On Challenges in Defending Against Code Stylometry

Talk by Konrad Rieck


Location: TU Wien, FAV Hörsaal 1 Helmut Veith (Favoritenstr. 9-11, Erdgeschoß, Room HEEG02)

Date & Time: 2024-06-24; 16:00 - 17:00

Abstract: Source code often contains subtle stylistic patterns that can be used to identify its developer, an approach known as code stylometry. While a series of research has shown that code stylometry can recognize one programmer among hundreds of others, defenses against this approach have received little attention so far. In this talk, we address this research gap from two perspectives. First, we introduce a method for automatically imitating programming styles through semantic-preserving transformations. This method allows us to mislead correct identification and protect developers’ privacy. Second, however, we prove that true anonymity cannot be achieved in this way and that stylistic patterns remain in source code under realistic conditions. Our results thus underscore the need for raising awareness and further research into protecting developers’ privacy.

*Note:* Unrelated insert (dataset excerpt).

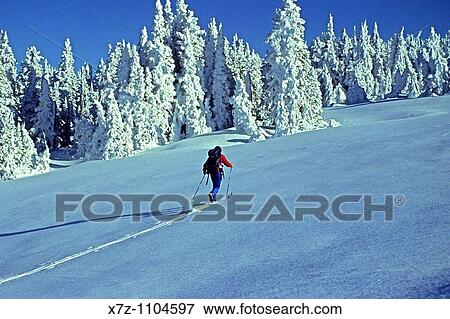 Man, backcountry sking on Mount Harrison high in the Albion Mountains, Idaho View Large Photo Image Stock Photo - Man, backcountry sking on Mount Harrison high in the Albion Mountains, Idaho. Fotosearch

Bio: Konrad Rieck is a Professor of Computer Science at TU Berlin, where he heads the Chair of Machine Learning and Security within the Berlin Institute for the Foundations of Learning and Data. Additionally, he is a Guest Professor at TU Wien. Previously, Konrad has been working at TU Braunschweig, University of Göttingen, and Fraunhofer Institute FIRST. His research interests revolve around computer security and machine learning. His group is developing novel methods for detecting computer attacks, analyzing malicious software and discovering security vulnerabilities. Moreover, the group explores the security and privacy of learning algorithms. Konrad is also interested in efficient algorithms for analyzing structured data, such as strings, trees, and graphs. His Erdős number is 3 (Müller → Jagota → Erdős) and his Bacon number is ∞. He is a very distant academic relative of Carl Friedrich Gauß (see here), although this doesn’t help when solving math problems.